Task to carry out:
Find the line below with "Stories be Told" and the line with "Buckle Elastic Belt". Output exactly those lines and everything between them, leaving out the pictures.

Exercise input:
-- Opening Marker --

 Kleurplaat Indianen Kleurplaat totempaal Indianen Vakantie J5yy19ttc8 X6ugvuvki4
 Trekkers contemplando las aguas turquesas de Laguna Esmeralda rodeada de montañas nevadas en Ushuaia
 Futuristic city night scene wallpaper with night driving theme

-- Closing Marker --
-- Opening Marker --

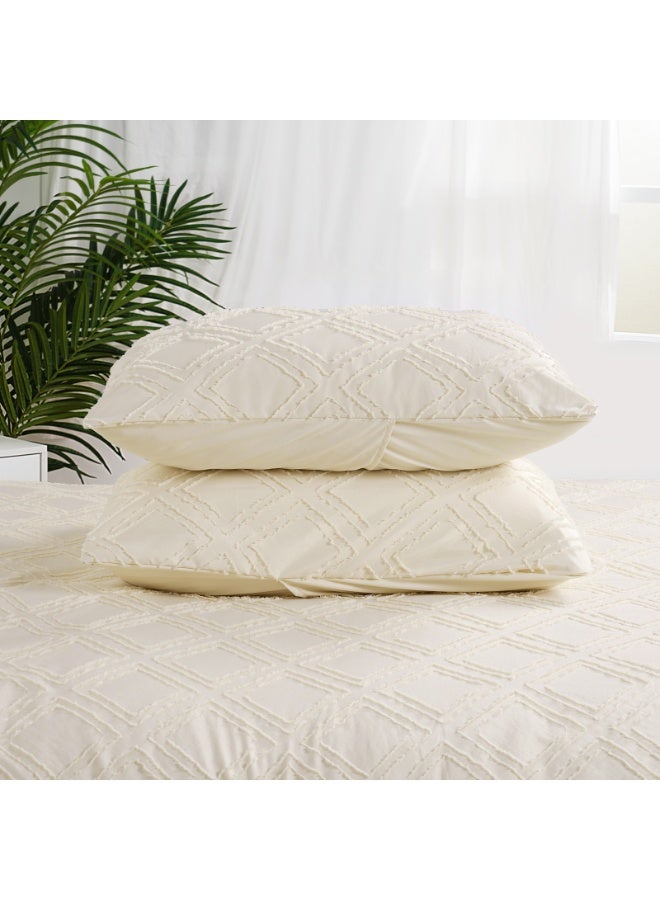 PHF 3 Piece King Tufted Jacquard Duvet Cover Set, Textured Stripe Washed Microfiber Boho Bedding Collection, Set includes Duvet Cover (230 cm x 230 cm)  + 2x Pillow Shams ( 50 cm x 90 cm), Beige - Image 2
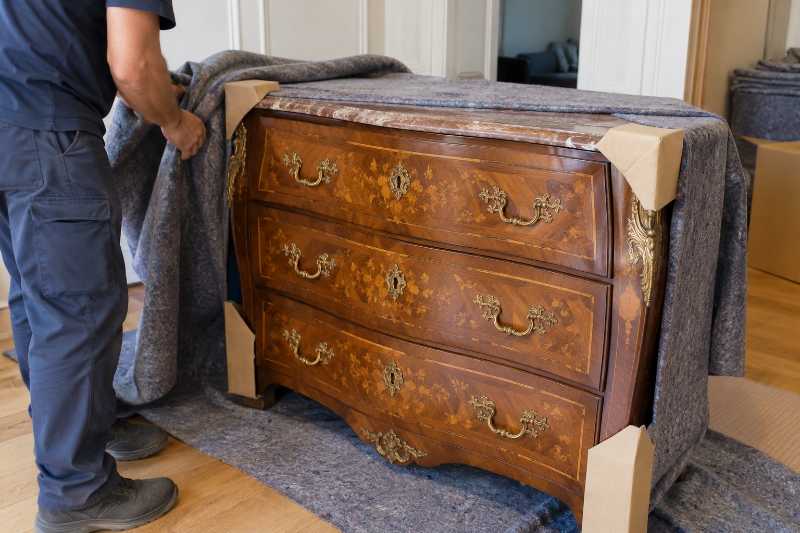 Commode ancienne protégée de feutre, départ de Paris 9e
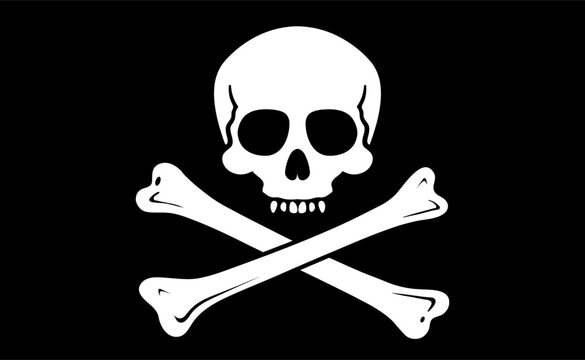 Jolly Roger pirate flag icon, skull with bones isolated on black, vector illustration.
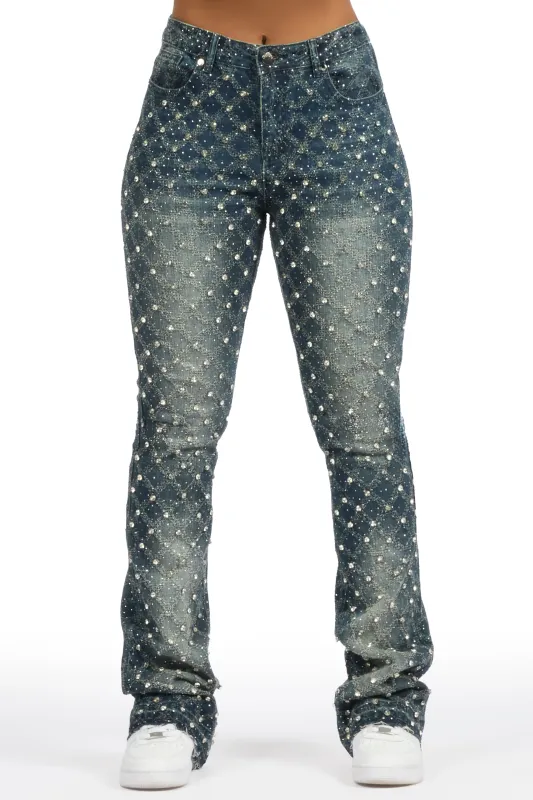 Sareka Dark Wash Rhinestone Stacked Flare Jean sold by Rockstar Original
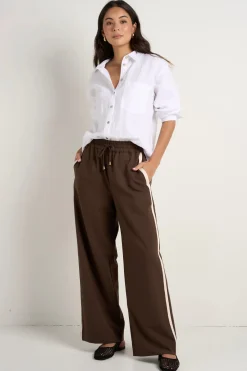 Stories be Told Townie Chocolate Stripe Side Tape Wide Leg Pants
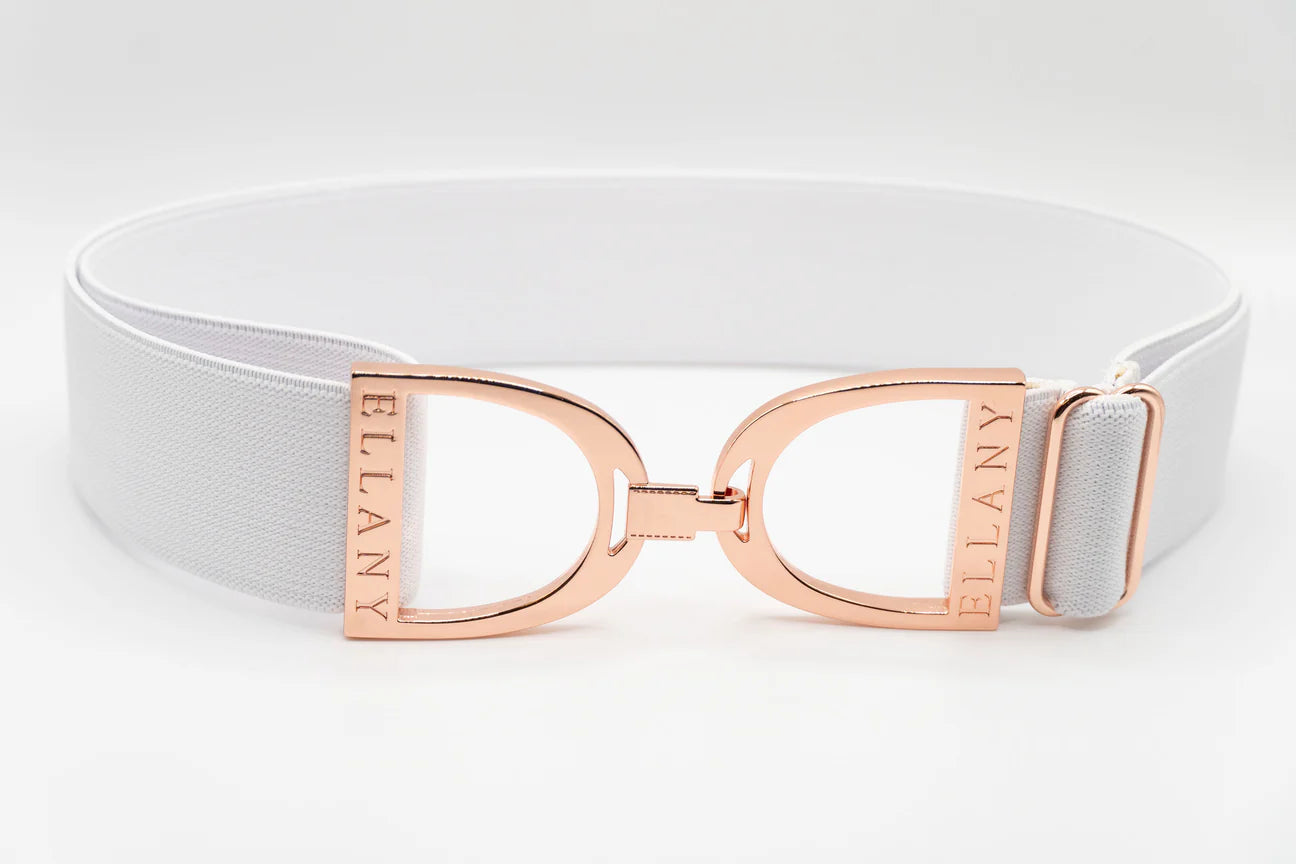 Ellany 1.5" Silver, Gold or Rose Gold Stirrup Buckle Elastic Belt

-- Closing Marker --
-- Opening Marker --

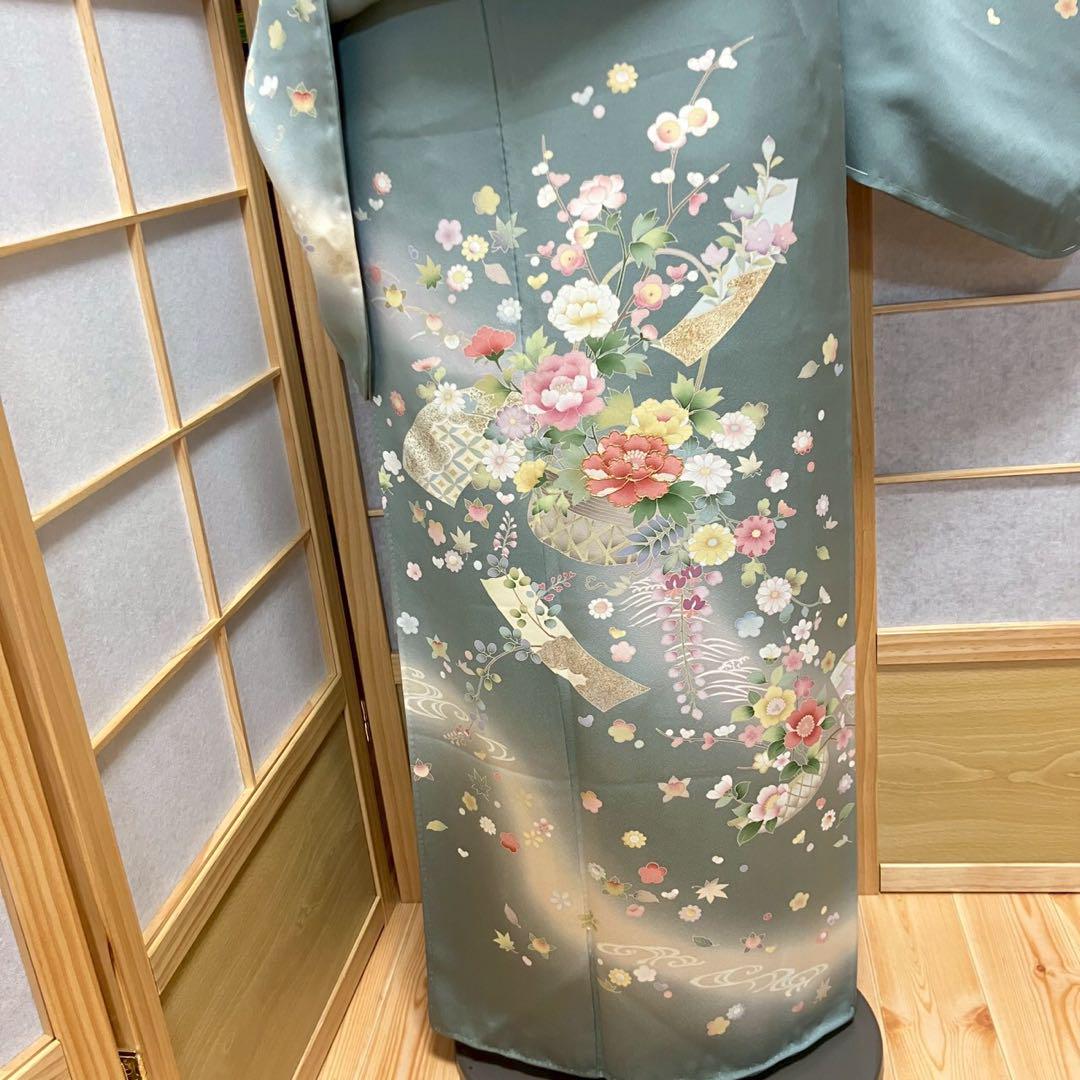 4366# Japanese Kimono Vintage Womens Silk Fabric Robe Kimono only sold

-- Closing Marker --

Written answer:
 Stories be Told Townie Chocolate Stripe Side Tape Wide Leg Pants
 Ellany 1.5" Silver, Gold or Rose Gold Stirrup Buckle Elastic Belt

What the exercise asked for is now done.